Let $C \subset \mathbb{R}^n$ be a convex set. Additionally, $x_1, x_2,\dots, x_k \in C$ and $\theta_1,\theta_2,\dots,\theta_k \in \mathbb{R}, \theta_i \ge 0, \sum\theta_i = 1$. I have to proof that $\theta_1x_1+\theta_2x_2+\dots+\theta_kx_k \in C$. I decided to prove it by induction.
If I add a new term to the previous combination, I'll have $\theta_1x_1+\theta_2x_2+\dots+\theta_kx_k+\theta_{k+1}x_{k+1}$. Then, if I make $\theta_{k+1} = 0$, it is true that the latter combination belongs to $C$. By induction, and knowing that this is true for $k=2$, it will hold for any value of $k$.
I have always had trouble with proofs, so I am not sure when I arrive to such a trivial conclusion.
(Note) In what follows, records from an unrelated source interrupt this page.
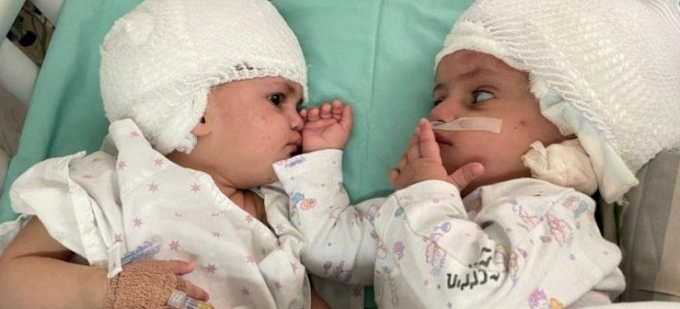 Twins conjoined at head isolated after uncommon medical procedure in Israel.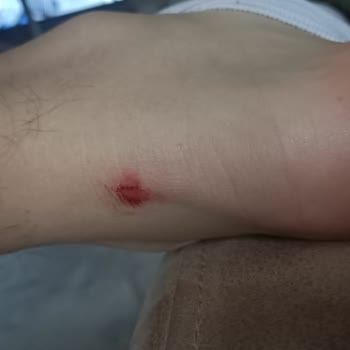 Puma Ayakkabılar Bilek Yaralıyor: Mağaza İade Talebini Reddediyor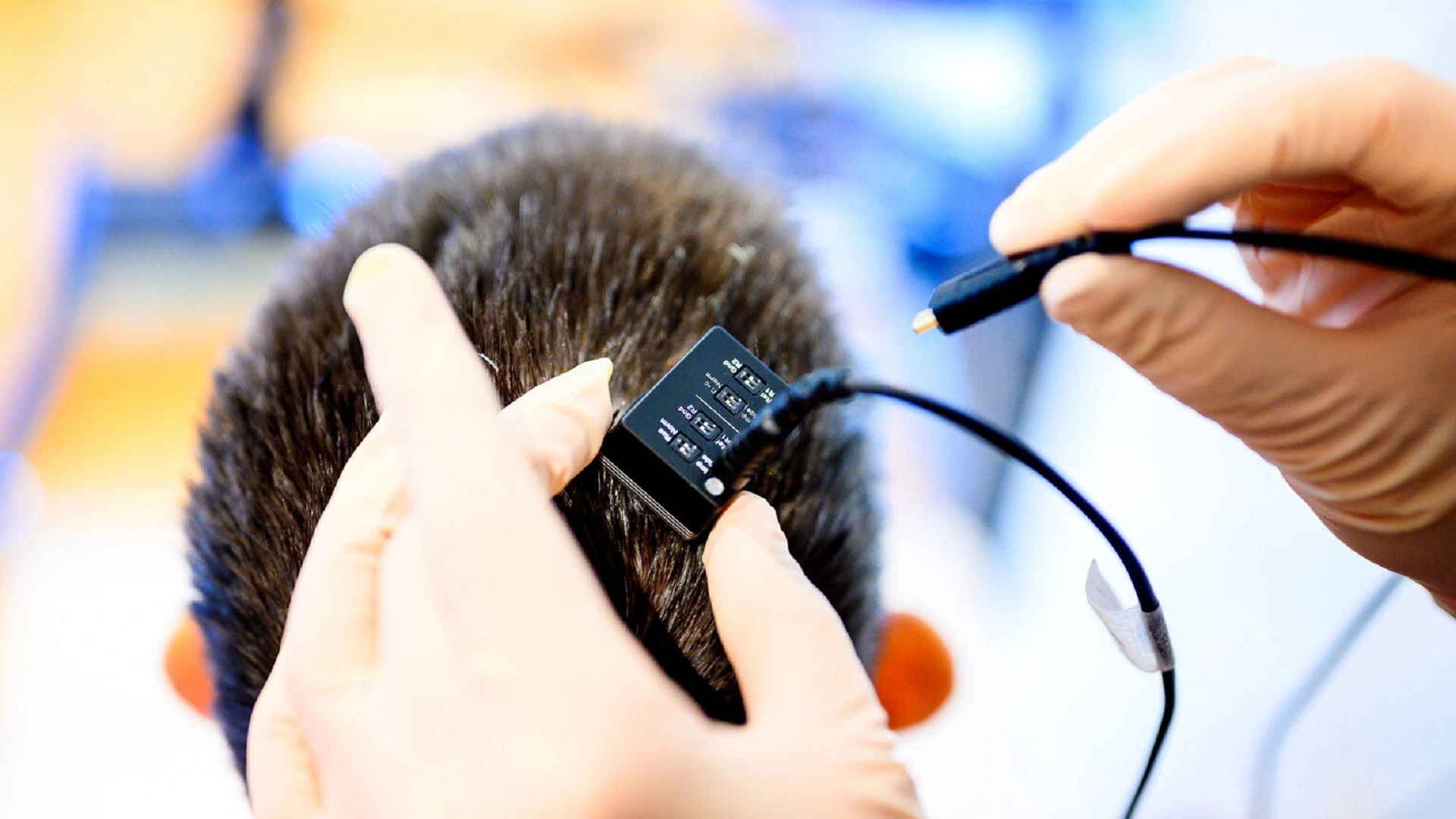 腦植入裝置助女性在中風 18 年後重拾語言能力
Could anybody please help and tell me if this is a valid proof?
Thanks in advance.
This is not a valid proof, but you are on the right track. Induction will work, if you structure things right.
Here is a hint:
Fact 1: $\theta_1 + \cdots + \theta_k = 1 - \theta_{k+1} \geq 0,\;$ and
Fact 2: You can actually assume without loss of generality that $1 - \theta_{k+1} > 0\,$ (why?), and so,
$$ \theta_1 x_1 + \cdots + \theta_k x_k + \theta_{k+1} x_{k+1} = (1 - \theta_{k+1}) y + \theta_{k+1} x_{k+1} \> , $$ where $$ y = \frac{\theta_1 x_1 + \cdots + \theta_k x_k}{\theta_1 + \cdots + \theta_k} \>. $$
Under the right induction hypothesis, what do you know about $y$ and why is it true? Now, use this and what you know about convexity for two points to conclude.